Last week, it made its first inroads after launching a pilot with T-Mobile USA that breaks the conventional revenue-sharing agreement first established by Apple.
Currently, a developer’s cut on Apple’s App Store, and most every other platform, is 70 percent. Apple — or in the case of Android, Google — gets the rest.
“We don’t agree on the concept of the 70-30 split,” said Julien Fourgeaud of Rovio, who wears a one-of-a-kind green pig hooded sweatshirt and holds the title of “bad piggy bank manager and magician.”
The arrangement “will not help drive the industry forward. It has so far, but it will have to change,” he added.
Fourgeaud would not say what rabbit he pulled out of his hat, but that the split was “better” than today’s standard. “Our goal is to drive it globally,” he said.
T-Mobile customers playing Angry Birds now will be able to purchase the Mighty Eagle for $1 and apply it to their carrier bill. See the video below for an explanation of what the Mighty Eagle is, but essentially it swoops in to help you when you’ve gotten stuck at a particular level.
It is the first time that carrier billing has been implemented by Rovio, even though it has previously announced deals with others.
Up until now, Rovio had been giving away the game for free on Android and monetizing it using advertising. And until now, Android users were not able to purchase the Mighty Eagle, and all of those not on T-Mobile still won’t be able to.
Rovio is an exception on Android. Other game developers are using Google’s own Checkout to charge for games, or are working with other third parties to enable carrier billing. Google is also signing up partnerships with carriers to enable charges to more seamlessly appear on monthly bills.
However, Fourgeaud says it’s unclear how many Android users have signed up for Checkout, which makes it difficult to justify implementing. That compares to Apple’s iPhone customers, who are required to input a credit card number when signing up for iTunes.
“I’m still looking for those numbers,” he said. “Google has a strategy that is taking more time to implement.”
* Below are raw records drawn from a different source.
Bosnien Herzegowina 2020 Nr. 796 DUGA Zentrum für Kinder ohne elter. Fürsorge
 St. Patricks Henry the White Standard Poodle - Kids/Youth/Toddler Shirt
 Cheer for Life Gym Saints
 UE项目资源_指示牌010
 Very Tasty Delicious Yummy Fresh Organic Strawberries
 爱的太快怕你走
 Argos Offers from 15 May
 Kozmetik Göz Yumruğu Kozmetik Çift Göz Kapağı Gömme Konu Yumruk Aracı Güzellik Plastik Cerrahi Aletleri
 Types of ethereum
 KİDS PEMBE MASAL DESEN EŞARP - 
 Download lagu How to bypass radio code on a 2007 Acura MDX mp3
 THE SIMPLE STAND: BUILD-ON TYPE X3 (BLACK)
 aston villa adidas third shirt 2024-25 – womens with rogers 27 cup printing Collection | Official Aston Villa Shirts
Rovio’s next step will be to leverage the cost savings it was able to negotiate and create a payments platform that other mobile developers can use. The Bad Piggy Bank, as it is called, will handle in-app transactions using carrier billing.
Still, even with carrier billing, T-Mobile customers will have to take a few steps to play the version of Angry Birds with the Mighty Eagle. The quickest way is by texting “BIRDS” to 6255 to receive a link with instructions.